◆ WHAT YOU ARE ASKED TO DO
Which lines make up the answer? Those from the line with "Bottle Green-Pink Dual" through the end of the data; reproduce them exactly.

◆ TASK MATERIAL
------

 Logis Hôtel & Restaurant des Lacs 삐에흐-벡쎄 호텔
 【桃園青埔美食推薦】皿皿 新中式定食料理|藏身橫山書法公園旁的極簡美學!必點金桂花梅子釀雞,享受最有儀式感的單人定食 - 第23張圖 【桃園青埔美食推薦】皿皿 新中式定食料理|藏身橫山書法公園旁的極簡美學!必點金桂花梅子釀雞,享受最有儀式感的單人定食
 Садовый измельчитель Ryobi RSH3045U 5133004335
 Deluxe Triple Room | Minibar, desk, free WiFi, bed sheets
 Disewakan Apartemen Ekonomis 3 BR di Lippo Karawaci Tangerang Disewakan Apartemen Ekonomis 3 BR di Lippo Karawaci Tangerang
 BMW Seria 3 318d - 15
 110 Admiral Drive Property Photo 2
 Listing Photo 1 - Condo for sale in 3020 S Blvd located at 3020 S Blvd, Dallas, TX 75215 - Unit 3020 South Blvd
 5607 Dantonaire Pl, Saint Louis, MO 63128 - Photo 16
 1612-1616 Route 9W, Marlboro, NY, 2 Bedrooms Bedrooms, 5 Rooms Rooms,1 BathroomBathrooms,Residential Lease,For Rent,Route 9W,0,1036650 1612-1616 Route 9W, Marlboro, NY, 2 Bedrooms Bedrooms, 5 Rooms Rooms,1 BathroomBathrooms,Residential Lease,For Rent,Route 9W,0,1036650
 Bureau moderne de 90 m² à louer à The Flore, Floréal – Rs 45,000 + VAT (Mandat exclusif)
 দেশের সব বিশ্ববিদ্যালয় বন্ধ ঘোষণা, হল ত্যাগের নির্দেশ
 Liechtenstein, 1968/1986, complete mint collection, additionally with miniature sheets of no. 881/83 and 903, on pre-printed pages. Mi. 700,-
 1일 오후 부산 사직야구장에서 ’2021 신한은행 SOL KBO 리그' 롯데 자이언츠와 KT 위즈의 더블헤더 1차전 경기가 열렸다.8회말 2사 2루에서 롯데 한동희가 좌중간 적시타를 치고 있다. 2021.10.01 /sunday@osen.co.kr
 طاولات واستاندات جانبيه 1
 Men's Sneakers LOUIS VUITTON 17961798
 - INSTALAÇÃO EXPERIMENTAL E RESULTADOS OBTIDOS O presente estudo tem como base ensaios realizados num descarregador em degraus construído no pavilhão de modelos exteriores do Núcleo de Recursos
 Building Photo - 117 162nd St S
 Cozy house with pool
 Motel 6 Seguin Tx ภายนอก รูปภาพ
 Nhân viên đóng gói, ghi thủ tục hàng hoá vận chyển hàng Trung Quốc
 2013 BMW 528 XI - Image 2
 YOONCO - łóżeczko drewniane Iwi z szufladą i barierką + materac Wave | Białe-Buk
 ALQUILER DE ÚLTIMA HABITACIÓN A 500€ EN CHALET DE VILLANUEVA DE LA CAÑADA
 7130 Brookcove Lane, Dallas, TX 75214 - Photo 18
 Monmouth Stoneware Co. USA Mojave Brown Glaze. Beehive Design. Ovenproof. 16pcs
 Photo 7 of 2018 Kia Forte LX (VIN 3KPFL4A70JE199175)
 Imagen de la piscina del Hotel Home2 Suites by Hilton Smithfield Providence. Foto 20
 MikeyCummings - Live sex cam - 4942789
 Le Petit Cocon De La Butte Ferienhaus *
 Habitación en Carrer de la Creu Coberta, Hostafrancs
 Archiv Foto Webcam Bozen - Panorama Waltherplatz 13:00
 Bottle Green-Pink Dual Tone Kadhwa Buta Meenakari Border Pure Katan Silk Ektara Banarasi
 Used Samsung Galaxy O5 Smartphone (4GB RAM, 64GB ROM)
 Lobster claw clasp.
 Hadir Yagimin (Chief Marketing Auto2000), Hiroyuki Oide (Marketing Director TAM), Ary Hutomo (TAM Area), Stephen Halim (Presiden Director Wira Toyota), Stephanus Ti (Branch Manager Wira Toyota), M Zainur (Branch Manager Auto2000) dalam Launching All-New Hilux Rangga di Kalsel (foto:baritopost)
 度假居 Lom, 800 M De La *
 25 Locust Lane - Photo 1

------

◆ EXERCISE OUTPUT
 Bottle Green-Pink Dual Tone Kadhwa Buta Meenakari Border Pure Katan Silk Ektara Banarasi
 Used Samsung Galaxy O5 Smartphone (4GB RAM, 64GB ROM)
 Lobster claw clasp.
 Hadir Yagimin (Chief Marketing Auto2000), Hiroyuki Oide (Marketing Director TAM), Ary Hutomo (TAM Area), Stephen Halim (Presiden Director Wira Toyota), Stephanus Ti (Branch Manager Wira Toyota), M Zainur (Branch Manager Auto2000) dalam Launching All-New Hilux Rangga di Kalsel (foto:baritopost)
 度假居 Lom, 800 M De La *
 25 Locust Lane - Photo 1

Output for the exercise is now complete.